WHAT THE TASK REQUIRES =
Repeat verbatim only the lines from the opening of the material below through the one that contains "Costway 4-Delige Keukentafel".

DATA FOR THE TASK =
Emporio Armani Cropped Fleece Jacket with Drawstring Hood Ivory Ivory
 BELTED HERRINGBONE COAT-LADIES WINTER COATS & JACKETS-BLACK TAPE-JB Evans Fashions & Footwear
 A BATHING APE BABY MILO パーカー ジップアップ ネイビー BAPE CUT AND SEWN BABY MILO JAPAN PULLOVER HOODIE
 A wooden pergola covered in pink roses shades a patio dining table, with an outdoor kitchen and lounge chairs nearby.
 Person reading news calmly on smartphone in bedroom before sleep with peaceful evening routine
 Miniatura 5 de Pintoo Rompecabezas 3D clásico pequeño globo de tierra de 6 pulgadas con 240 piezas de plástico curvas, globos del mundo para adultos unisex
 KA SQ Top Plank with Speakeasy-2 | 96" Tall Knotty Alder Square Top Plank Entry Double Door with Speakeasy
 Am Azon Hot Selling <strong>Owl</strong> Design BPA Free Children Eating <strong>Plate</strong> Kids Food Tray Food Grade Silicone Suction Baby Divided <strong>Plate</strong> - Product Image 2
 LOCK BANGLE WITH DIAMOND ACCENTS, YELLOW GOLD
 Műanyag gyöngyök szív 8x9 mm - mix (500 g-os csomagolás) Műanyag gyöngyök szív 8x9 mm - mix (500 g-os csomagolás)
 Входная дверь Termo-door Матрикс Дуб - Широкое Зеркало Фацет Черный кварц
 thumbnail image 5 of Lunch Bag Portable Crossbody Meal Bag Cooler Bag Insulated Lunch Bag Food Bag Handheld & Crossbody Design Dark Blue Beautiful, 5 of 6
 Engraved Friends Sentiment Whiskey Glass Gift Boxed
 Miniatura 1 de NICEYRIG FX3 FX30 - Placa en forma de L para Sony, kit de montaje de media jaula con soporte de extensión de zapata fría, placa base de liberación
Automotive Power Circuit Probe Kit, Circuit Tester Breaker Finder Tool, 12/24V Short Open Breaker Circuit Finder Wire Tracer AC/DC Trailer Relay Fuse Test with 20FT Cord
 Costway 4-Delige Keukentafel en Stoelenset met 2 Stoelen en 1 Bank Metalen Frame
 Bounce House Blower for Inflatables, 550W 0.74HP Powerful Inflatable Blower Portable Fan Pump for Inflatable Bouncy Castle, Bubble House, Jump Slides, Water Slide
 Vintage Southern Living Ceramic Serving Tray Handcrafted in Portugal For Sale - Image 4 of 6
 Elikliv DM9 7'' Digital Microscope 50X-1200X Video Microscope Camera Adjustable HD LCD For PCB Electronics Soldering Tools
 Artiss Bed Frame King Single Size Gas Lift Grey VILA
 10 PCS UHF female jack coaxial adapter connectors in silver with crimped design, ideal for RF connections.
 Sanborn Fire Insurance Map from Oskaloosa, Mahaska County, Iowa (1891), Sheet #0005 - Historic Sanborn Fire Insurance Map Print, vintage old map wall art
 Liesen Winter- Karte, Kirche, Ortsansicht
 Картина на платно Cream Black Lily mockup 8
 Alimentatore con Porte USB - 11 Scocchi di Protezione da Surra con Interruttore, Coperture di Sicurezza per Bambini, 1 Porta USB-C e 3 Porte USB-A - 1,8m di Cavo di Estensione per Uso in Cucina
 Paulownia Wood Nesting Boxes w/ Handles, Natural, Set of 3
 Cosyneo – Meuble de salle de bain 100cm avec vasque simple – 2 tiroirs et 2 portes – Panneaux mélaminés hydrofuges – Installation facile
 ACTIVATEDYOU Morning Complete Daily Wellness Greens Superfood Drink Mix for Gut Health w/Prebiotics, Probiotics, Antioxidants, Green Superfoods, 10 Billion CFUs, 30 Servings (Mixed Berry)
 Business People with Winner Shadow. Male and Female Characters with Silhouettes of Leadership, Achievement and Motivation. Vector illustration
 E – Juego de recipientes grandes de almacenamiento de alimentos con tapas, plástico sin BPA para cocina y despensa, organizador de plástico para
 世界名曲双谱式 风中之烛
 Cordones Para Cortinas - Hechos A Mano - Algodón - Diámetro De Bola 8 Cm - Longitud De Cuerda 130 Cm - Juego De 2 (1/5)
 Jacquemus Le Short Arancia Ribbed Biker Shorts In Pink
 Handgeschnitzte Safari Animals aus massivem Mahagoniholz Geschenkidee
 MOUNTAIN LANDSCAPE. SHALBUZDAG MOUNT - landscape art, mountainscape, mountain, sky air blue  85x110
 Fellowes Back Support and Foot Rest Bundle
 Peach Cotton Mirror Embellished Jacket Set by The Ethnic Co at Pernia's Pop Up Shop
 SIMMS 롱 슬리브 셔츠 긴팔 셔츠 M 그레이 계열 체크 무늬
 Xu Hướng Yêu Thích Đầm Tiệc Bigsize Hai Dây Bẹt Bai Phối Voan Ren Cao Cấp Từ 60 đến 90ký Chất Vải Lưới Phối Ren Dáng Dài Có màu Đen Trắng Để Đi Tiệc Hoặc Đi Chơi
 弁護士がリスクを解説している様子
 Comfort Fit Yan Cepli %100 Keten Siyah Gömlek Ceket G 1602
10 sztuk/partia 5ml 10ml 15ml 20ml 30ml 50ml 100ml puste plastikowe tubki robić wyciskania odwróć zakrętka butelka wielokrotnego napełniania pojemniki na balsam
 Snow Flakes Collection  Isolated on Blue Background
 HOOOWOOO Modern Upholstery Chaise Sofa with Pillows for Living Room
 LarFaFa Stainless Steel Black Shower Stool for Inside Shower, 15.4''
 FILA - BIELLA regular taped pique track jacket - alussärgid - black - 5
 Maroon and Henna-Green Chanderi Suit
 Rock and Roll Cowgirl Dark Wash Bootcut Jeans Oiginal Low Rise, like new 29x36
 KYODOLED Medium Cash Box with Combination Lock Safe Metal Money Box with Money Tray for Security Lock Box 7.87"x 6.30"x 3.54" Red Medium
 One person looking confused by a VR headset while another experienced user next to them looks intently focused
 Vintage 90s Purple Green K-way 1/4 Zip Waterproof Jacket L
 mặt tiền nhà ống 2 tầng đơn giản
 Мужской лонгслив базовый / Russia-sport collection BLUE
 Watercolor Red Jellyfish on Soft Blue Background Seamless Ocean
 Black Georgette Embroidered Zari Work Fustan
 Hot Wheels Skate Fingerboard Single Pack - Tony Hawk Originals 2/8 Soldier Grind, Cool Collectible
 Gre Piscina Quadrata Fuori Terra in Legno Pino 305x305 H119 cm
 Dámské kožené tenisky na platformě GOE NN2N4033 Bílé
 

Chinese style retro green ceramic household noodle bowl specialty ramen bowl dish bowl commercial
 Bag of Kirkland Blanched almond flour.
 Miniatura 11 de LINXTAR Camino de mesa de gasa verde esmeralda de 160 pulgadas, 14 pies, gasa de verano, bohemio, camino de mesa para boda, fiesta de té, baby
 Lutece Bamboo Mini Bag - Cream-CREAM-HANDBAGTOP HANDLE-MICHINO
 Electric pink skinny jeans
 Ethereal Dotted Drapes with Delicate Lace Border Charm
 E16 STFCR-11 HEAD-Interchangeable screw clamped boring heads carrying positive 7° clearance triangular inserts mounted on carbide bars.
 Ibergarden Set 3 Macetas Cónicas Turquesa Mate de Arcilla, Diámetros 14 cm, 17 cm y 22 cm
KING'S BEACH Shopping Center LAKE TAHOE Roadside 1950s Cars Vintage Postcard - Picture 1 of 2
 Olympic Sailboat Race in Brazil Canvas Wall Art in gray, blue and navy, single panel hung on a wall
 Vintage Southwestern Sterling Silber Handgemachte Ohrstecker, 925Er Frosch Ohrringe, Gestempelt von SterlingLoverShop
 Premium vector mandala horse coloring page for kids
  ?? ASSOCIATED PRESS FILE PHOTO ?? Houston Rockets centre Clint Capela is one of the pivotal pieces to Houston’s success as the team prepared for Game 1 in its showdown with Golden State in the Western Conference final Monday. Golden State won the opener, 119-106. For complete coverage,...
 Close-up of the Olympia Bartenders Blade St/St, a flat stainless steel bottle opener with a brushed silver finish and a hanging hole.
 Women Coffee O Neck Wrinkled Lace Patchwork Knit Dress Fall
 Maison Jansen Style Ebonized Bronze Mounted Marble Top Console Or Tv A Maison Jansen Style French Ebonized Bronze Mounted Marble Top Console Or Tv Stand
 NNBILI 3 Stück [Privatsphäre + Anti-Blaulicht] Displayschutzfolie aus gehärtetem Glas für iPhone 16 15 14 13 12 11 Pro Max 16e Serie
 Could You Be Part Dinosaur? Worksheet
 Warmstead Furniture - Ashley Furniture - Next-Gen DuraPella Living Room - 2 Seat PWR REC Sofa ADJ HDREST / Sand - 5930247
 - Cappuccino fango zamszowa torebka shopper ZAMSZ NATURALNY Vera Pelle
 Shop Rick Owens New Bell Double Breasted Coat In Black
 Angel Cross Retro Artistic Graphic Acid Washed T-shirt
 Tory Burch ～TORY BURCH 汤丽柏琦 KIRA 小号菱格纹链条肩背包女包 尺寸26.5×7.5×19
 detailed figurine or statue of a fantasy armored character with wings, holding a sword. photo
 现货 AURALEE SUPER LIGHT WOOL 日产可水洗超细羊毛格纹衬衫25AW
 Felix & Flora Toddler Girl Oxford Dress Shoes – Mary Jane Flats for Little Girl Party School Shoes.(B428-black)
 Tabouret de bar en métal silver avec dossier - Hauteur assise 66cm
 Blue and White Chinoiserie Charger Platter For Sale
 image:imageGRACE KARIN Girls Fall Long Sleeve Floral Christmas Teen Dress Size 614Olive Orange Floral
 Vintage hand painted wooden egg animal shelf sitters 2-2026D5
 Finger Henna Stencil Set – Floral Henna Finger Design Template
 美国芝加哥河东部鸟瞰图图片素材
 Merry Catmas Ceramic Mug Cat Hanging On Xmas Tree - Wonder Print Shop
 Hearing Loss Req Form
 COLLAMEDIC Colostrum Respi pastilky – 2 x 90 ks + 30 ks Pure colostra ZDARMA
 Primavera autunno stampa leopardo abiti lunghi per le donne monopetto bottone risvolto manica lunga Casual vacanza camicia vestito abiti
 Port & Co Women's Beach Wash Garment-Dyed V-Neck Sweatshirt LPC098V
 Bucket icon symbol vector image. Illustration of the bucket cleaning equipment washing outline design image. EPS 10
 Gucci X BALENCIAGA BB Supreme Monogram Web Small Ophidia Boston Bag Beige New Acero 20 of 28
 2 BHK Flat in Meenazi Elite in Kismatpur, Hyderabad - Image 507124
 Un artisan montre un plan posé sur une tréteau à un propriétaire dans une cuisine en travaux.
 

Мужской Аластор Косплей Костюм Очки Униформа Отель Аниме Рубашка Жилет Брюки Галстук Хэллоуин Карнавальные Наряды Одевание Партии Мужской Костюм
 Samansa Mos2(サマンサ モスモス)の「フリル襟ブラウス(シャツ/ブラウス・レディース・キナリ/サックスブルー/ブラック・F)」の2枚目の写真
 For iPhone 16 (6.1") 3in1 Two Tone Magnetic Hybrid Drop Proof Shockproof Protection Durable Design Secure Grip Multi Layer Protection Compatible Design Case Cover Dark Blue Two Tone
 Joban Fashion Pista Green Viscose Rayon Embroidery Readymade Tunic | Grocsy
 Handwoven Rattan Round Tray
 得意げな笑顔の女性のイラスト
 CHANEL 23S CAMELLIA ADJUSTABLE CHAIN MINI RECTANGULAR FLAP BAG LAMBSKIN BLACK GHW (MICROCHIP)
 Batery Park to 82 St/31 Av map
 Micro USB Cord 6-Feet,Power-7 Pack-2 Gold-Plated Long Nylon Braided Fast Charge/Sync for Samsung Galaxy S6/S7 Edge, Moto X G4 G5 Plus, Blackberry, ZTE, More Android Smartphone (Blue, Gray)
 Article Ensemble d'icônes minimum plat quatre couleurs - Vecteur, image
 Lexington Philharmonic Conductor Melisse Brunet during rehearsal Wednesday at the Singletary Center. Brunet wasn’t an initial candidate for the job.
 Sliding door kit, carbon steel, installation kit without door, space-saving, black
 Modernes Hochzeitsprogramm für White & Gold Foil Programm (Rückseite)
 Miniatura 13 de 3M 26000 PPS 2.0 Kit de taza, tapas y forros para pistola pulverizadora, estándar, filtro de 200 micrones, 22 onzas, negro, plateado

SOLUTION FOR THIS PROBLEM =
Emporio Armani Cropped Fleece Jacket with Drawstring Hood Ivory Ivory
 BELTED HERRINGBONE COAT-LADIES WINTER COATS & JACKETS-BLACK TAPE-JB Evans Fashions & Footwear
 A BATHING APE BABY MILO パーカー ジップアップ ネイビー BAPE CUT AND SEWN BABY MILO JAPAN PULLOVER HOODIE
 A wooden pergola covered in pink roses shades a patio dining table, with an outdoor kitchen and lounge chairs nearby.
 Person reading news calmly on smartphone in bedroom before sleep with peaceful evening routine
 Miniatura 5 de Pintoo Rompecabezas 3D clásico pequeño globo de tierra de 6 pulgadas con 240 piezas de plástico curvas, globos del mundo para adultos unisex
 KA SQ Top Plank with Speakeasy-2 | 96" Tall Knotty Alder Square Top Plank Entry Double Door with Speakeasy
 Am Azon Hot Selling <strong>Owl</strong> Design BPA Free Children Eating <strong>Plate</strong> Kids Food Tray Food Grade Silicone Suction Baby Divided <strong>Plate</strong> - Product Image 2
 LOCK BANGLE WITH DIAMOND ACCENTS, YELLOW GOLD
 Műanyag gyöngyök szív 8x9 mm - mix (500 g-os csomagolás) Műanyag gyöngyök szív 8x9 mm - mix (500 g-os csomagolás)
 Входная дверь Termo-door Матрикс Дуб - Широкое Зеркало Фацет Черный кварц
 thumbnail image 5 of Lunch Bag Portable Crossbody Meal Bag Cooler Bag Insulated Lunch Bag Food Bag Handheld & Crossbody Design Dark Blue Beautiful, 5 of 6
 Engraved Friends Sentiment Whiskey Glass Gift Boxed
 Miniatura 1 de NICEYRIG FX3 FX30 - Placa en forma de L para Sony, kit de montaje de media jaula con soporte de extensión de zapata fría, placa base de liberación
Automotive Power Circuit Probe Kit, Circuit Tester Breaker Finder Tool, 12/24V Short Open Breaker Circuit Finder Wire Tracer AC/DC Trailer Relay Fuse Test with 20FT Cord
 Costway 4-Delige Keukentafel en Stoelenset met 2 Stoelen en 1 Bank Metalen Frame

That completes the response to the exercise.